▶ [Provided records]:
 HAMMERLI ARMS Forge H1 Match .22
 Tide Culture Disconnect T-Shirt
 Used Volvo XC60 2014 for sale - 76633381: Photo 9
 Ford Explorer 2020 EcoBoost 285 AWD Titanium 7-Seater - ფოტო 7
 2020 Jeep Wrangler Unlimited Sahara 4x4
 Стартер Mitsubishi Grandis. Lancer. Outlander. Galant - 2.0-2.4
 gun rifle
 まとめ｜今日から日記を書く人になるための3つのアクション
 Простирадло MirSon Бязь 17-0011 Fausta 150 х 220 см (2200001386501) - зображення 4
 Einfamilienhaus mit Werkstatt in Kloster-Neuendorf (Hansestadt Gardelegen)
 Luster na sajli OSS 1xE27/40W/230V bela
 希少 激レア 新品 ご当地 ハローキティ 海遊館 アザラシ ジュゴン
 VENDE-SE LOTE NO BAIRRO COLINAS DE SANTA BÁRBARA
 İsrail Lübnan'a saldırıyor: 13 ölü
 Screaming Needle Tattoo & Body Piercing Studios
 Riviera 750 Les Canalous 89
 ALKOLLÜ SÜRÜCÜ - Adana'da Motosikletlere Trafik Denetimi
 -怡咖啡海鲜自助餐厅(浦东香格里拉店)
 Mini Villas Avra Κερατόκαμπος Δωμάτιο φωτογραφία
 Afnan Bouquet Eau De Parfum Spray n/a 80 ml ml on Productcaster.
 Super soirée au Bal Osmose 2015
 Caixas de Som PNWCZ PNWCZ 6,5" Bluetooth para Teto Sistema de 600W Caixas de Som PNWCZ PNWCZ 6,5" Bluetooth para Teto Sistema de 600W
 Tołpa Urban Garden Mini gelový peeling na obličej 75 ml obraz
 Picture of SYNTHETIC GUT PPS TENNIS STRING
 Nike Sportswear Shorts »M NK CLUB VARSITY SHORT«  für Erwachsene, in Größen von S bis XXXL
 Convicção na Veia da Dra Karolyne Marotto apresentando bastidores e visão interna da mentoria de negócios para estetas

▶ [What the task requires]: The job is to copy each line from the material above that holds the word "para".

▶ [Solution to this exercise]:
 Caixas de Som PNWCZ PNWCZ 6,5" Bluetooth para Teto Sistema de 600W Caixas de Som PNWCZ PNWCZ 6,5" Bluetooth para Teto Sistema de 600W
 Convicção na Veia da Dra Karolyne Marotto apresentando bastidores e visão interna da mentoria de negócios para estetas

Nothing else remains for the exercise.